What you have to do: Reproduce exactly, with no pictures, each line from the opening of the material down through the line containing "A rustic dark".

Dataset excerpt:
----------------
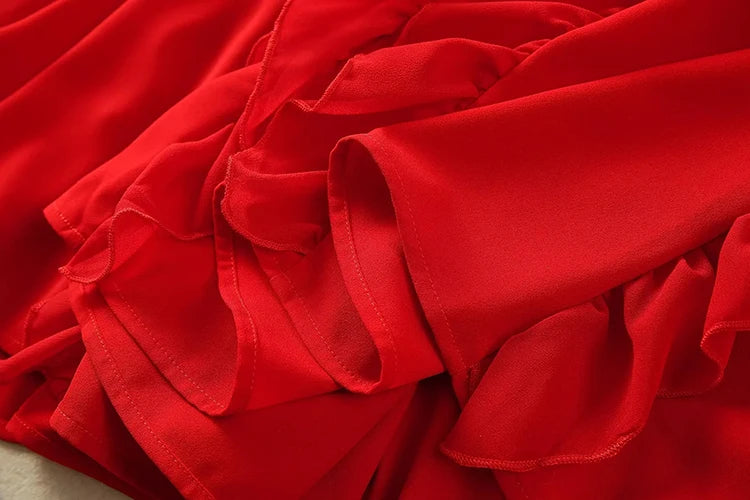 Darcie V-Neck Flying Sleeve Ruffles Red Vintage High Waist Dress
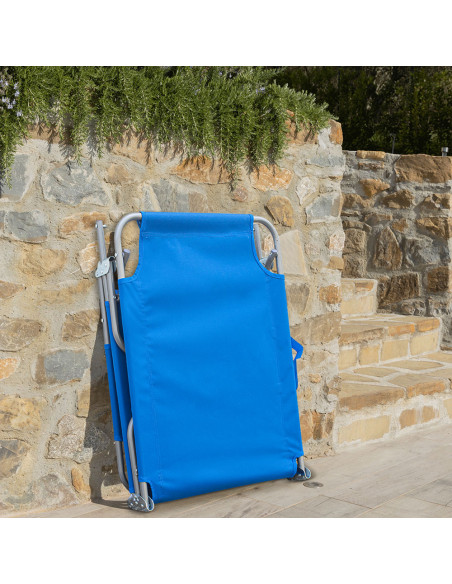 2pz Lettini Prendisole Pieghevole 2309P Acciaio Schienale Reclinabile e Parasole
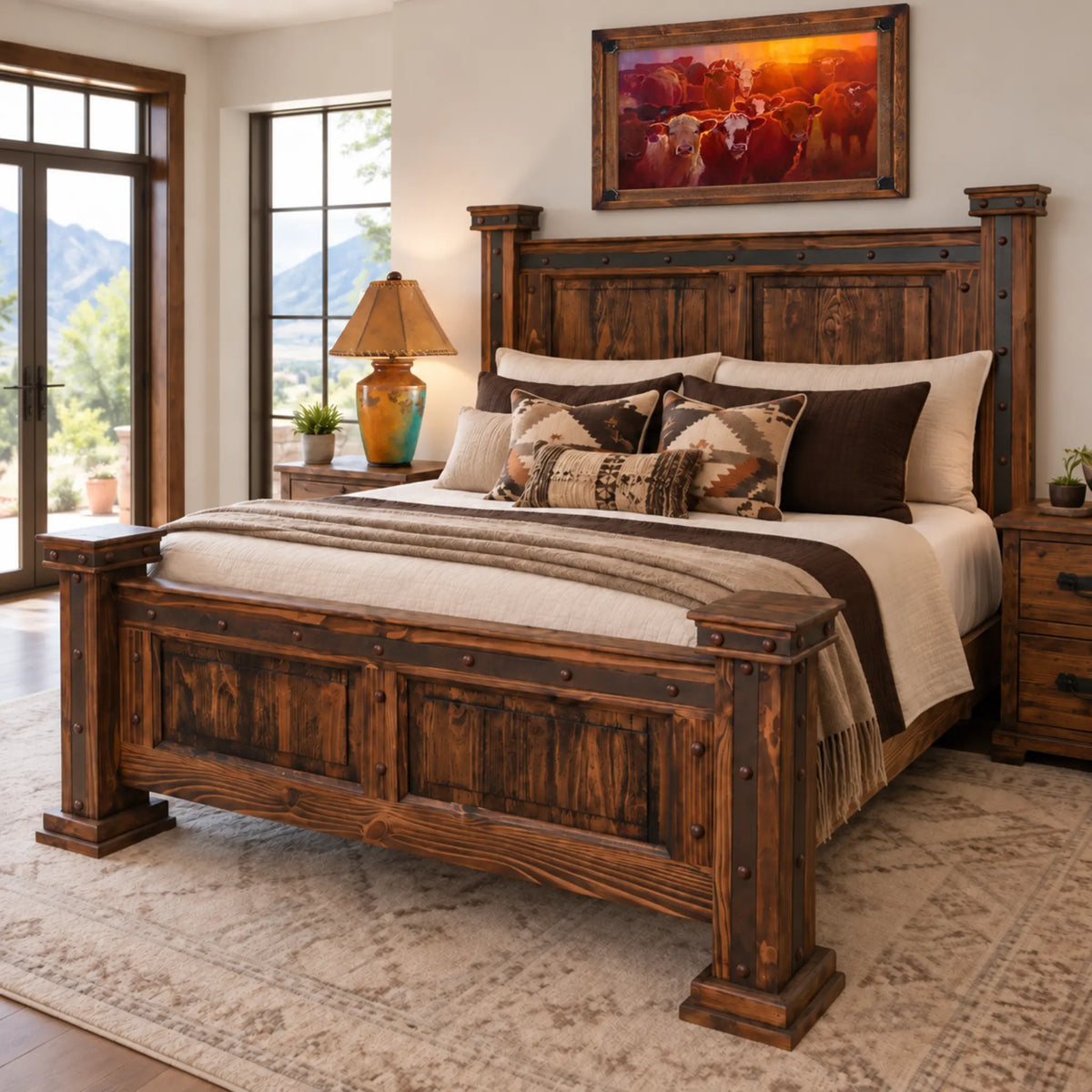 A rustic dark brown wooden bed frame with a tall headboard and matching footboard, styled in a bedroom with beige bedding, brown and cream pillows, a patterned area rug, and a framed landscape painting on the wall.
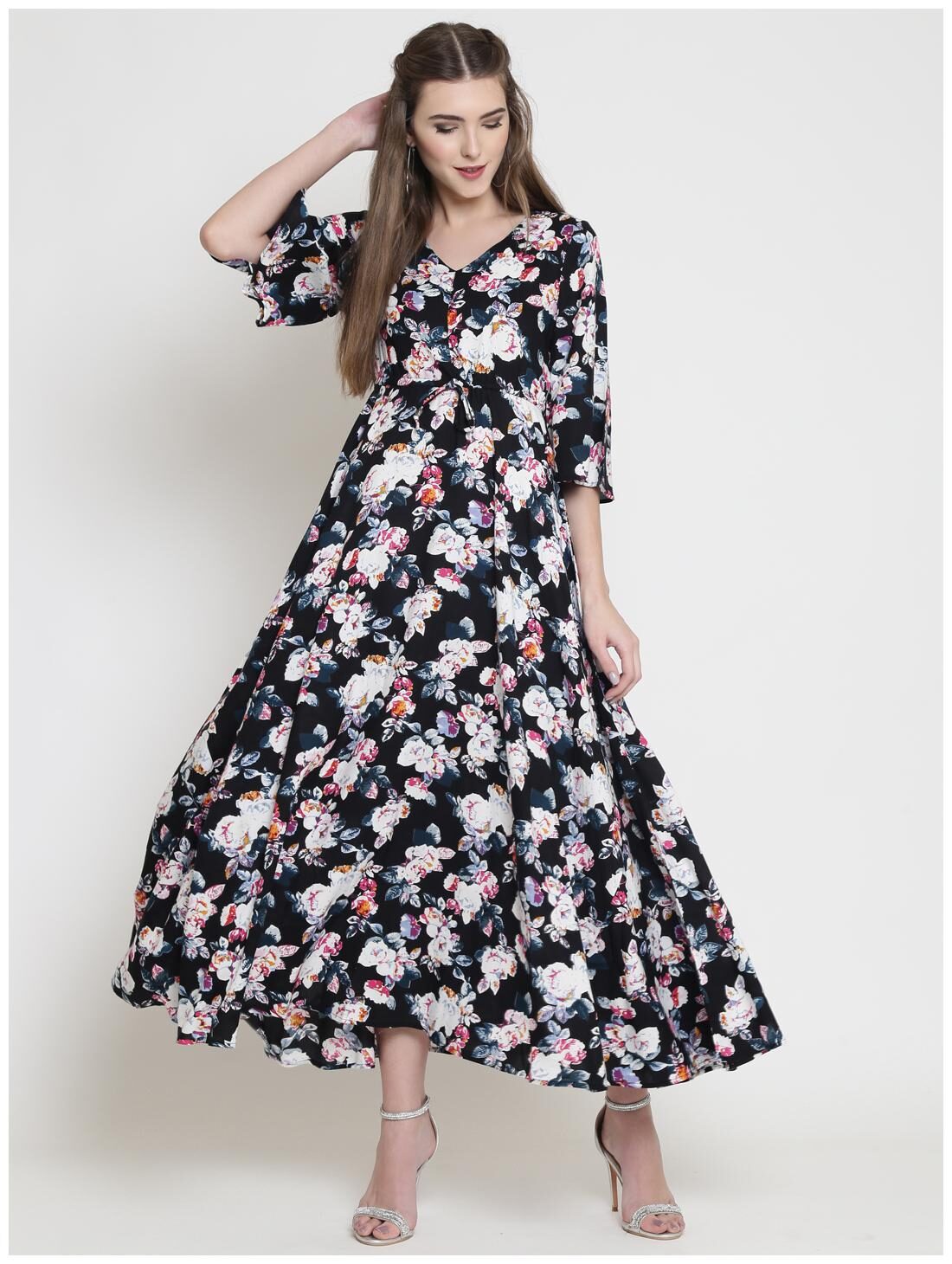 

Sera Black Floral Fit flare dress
----------------
Expected answer:
 Darcie V-Neck Flying Sleeve Ruffles Red Vintage High Waist Dress
 2pz Lettini Prendisole Pieghevole 2309P Acciaio Schienale Reclinabile e Parasole
 A rustic dark brown wooden bed frame with a tall headboard and matching footboard, styled in a bedroom with beige bedding, brown and cream pillows, a patterned area rug, and a framed landscape painting on the wall.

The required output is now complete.